> **EXERCISE INSTRUCTIONS**
Going through the material below, output exactly the lines from the one containing "As you can see" through the one containing "So guys, I hope", and no pictures.

> **DATA EXTRACTS**
◇ ◇ ◇ ◇
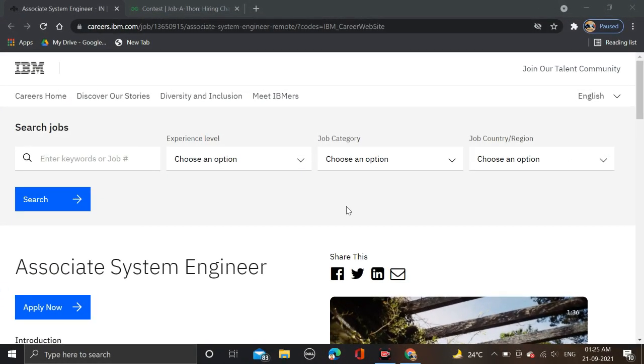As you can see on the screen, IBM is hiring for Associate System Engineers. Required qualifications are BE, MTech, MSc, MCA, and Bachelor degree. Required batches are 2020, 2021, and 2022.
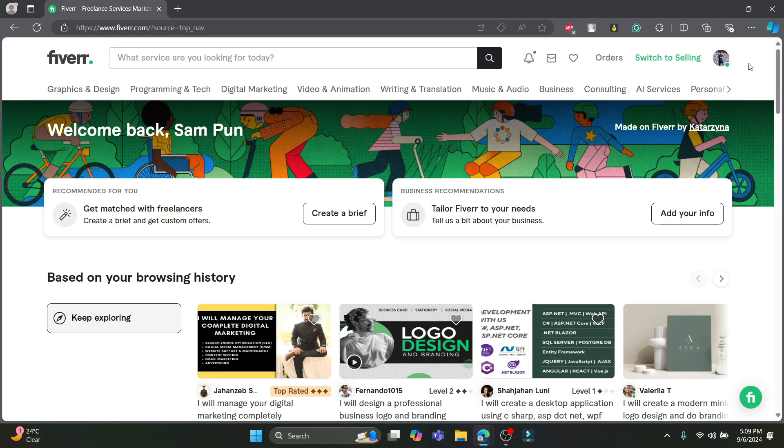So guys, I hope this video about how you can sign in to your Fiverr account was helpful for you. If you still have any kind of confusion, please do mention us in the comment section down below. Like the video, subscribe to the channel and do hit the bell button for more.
◇ ◇ ◇ ◇
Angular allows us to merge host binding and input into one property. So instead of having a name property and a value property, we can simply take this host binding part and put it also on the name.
◇ ◇ ◇ ◇
> **YOUR RESPONSE**
As you can see on the screen, IBM is hiring for Associate System Engineers. Required qualifications are BE, MTech, MSc, MCA, and Bachelor degree. Required batches are 2020, 2021, and 2022.
So guys, I hope this video about how you can sign in to your Fiverr account was helpful for you. If you still have any kind of confusion, please do mention us in the comment section down below. Like the video, subscribe to the channel and do hit the bell button for more.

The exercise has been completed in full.